Speak to your child openly about the thing or things they are afraid of and come up with ways forward, together.
For example, if a child is petrified of thunder, discuss what it is, how it is made, and come up with some funny similes about it, such as “This thunder is as loud as Daddy’s rumbling tummy before he has dinner.”
Then each time the stormy weather begins, you could bring up how hungry the child’s father must be.
Being honest about your own fears can be useful, too, though it is crucial to avoid projecting onto them and making the situation worse.
Always insist that it is natural to be fearful of certain things, but you realize it will not serve any purpose in your life.
Face it together
No one is saying that you should force your child to face their fears but encouraging them to do so could be precisely what they need.
Start small, such as pointing out a spider in the home.
Discuss how it is probably afraid of you both, too.
It would also be worthwhile talking about the advantages of having some spiders within your property.
The more they know about something, the less the worry because it is often the unknown that is troubling.
Of course, if there were an outbreak of them, a company dealing in spider pest control may be your answer, as this would be too huge a challenge to begin with.
Alternatively, rather than facing the fear in your home environment, you could visit a zoo where people are able to touch and hold the creepy crawlies.
It may not work, but sometimes the peer pressure of being around others who are willing to give it a go can be a helpful strategy.

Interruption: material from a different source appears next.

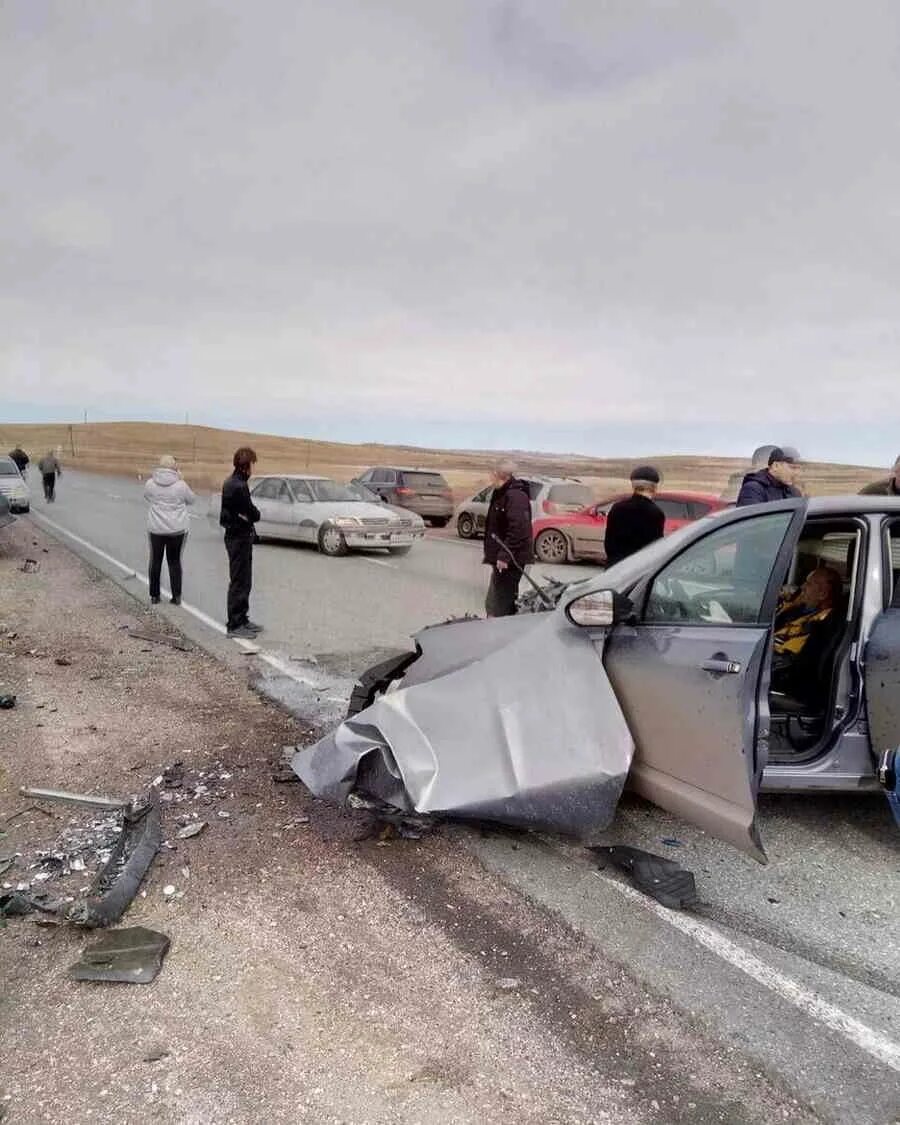 ДТП В Хакасии на трассе Абакан Саяногорск. ДТП трасса Абакан Саяногорск вчера. Дорожные происшествия в Хакасии. Авария трасса Саяногорск Абакан. Чп хакасия абакан сегодня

Many things that children fear, such as the dark, dogs, bugs, needles, storms, are no longer scary once we become an adult.
Therefore, it can be tempting to respond in a somewhat blasé way when a child has expressed their concerns about feeling frightened.
For example, if you take your child for their booster shots at the doctor and they say they are afraid, rather than saying there’s nothing to be scared of, try validating them.
“Lots of children feel frightened just like you,” is a great way to start the conversation.
Depending on the age of the child, you could even explain the purpose of the jab and what could happen without it.
Of course, you do not want to scare them further; it’s a fine balance and only you know how much your child can cope with.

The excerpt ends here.